While agriculture is often seen as a threat to biodiversity conservation, this doesn’t have to be the case. The conference explored the way that agricultural and biodiversity policies can address shared problems and provide shared solutions, particularly in the context of the 2030 Agenda for Sustainable Development and the Convention on Biological Diversity (CBD)’s Strategic Plan for Biodiversity 2011-2020.

The summary findings report which has just been published from the conference – Food Systems for a Sustainable Future: Interlinkages between biodiversity and agriculture – underscores Bioversity International’s vision and mission that agricultural biodiversity can nourish people and sustain the planet when integrated into healthy and productive farms, forests and landscapes.

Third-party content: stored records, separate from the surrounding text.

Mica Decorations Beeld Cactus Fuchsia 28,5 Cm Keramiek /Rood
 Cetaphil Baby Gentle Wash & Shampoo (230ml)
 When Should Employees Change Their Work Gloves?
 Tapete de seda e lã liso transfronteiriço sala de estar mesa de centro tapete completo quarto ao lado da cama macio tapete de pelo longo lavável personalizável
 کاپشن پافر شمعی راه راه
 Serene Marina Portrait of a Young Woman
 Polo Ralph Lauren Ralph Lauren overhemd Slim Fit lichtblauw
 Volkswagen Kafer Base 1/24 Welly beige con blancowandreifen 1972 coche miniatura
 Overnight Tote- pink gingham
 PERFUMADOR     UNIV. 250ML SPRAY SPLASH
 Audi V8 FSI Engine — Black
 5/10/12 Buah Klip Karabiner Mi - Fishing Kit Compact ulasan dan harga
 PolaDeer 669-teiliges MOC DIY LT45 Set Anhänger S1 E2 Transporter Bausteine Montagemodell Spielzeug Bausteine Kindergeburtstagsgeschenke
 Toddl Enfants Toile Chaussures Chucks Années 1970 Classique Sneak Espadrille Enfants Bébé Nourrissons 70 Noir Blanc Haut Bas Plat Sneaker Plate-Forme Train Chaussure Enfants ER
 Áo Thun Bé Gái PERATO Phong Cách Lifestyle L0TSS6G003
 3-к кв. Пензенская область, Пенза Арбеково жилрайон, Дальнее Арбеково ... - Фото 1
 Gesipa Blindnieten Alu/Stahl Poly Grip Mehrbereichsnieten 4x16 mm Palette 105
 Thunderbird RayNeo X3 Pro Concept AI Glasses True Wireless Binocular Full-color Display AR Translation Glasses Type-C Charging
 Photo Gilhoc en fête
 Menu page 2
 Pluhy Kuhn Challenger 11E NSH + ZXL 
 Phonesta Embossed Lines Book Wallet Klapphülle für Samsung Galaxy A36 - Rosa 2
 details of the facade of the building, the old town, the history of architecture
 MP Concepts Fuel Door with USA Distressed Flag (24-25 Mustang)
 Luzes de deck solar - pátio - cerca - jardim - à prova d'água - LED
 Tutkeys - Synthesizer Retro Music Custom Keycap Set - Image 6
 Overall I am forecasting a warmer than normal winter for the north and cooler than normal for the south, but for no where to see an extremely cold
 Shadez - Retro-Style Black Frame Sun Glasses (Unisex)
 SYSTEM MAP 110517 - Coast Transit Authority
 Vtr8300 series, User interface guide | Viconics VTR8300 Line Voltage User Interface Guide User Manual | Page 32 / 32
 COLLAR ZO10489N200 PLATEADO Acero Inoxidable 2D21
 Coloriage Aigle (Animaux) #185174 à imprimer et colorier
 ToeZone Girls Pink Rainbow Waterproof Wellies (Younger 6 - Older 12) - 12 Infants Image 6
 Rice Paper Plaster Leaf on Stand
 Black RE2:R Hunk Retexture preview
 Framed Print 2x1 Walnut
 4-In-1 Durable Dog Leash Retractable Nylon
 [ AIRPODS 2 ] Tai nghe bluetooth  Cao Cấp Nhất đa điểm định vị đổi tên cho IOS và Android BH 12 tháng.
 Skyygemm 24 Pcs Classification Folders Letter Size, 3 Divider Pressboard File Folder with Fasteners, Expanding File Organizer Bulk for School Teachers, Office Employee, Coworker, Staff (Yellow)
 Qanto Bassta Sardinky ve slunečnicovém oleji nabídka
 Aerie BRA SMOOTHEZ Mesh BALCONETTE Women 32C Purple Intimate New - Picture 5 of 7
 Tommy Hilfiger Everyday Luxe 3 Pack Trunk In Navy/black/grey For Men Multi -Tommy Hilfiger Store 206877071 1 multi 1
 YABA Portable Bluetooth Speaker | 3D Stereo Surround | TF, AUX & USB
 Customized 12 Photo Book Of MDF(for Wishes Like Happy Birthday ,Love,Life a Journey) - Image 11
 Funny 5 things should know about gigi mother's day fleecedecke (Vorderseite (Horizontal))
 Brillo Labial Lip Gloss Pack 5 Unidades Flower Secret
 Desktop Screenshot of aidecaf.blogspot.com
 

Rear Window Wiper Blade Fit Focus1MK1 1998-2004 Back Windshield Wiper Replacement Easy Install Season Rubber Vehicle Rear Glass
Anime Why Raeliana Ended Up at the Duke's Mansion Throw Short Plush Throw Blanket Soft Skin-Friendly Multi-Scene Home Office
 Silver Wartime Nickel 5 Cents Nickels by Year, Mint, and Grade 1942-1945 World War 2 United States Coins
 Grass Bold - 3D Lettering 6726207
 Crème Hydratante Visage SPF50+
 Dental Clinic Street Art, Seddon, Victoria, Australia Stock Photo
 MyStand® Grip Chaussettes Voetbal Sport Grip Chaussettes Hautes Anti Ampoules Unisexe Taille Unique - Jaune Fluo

For example, biodiversity provides ecosystem services, which are the benefits that people get from nature such as water quality and pest control. The report describes biodiversity and ecosystem services as “essential in supporting agriculture in multiple ways and at all levels, the interlinkages should be seen as an opportunity”.

We particularly welcomed that the report also drew attention to the importance of intraspecific diversity – that is variations within a species – which is a component of biodiversity that does not often make headlines. The report notes the beneficial effects of increasing intraspecific diversity including “risk management and improved productivity” and also that “mixes of varieties can be used to extend growing seasons, and to deliver optimum performance/results in variable environments.”

Examples of the benefits gained from integrating intraspecific crop diversity into agricultural production systems was the focus of one of three presentations given by Bioversity International at the conference. Devra Jarvis, Principal Scientist, focused her presentation on this very topic. In one example, she showcased research in Ecuador where it was found that using mixtures of common bean varieties grown together can reduce the severity of common bean rust by up to 50%, and improve yield by up to 32% due to improved drought tolerance.  Worldwide farmers lose an average of 13% of annual harvest to pests and diseases. But cases vary widely by crop, region, or threat – farmers can lose 100% of their crop in one season to a single pest or disease.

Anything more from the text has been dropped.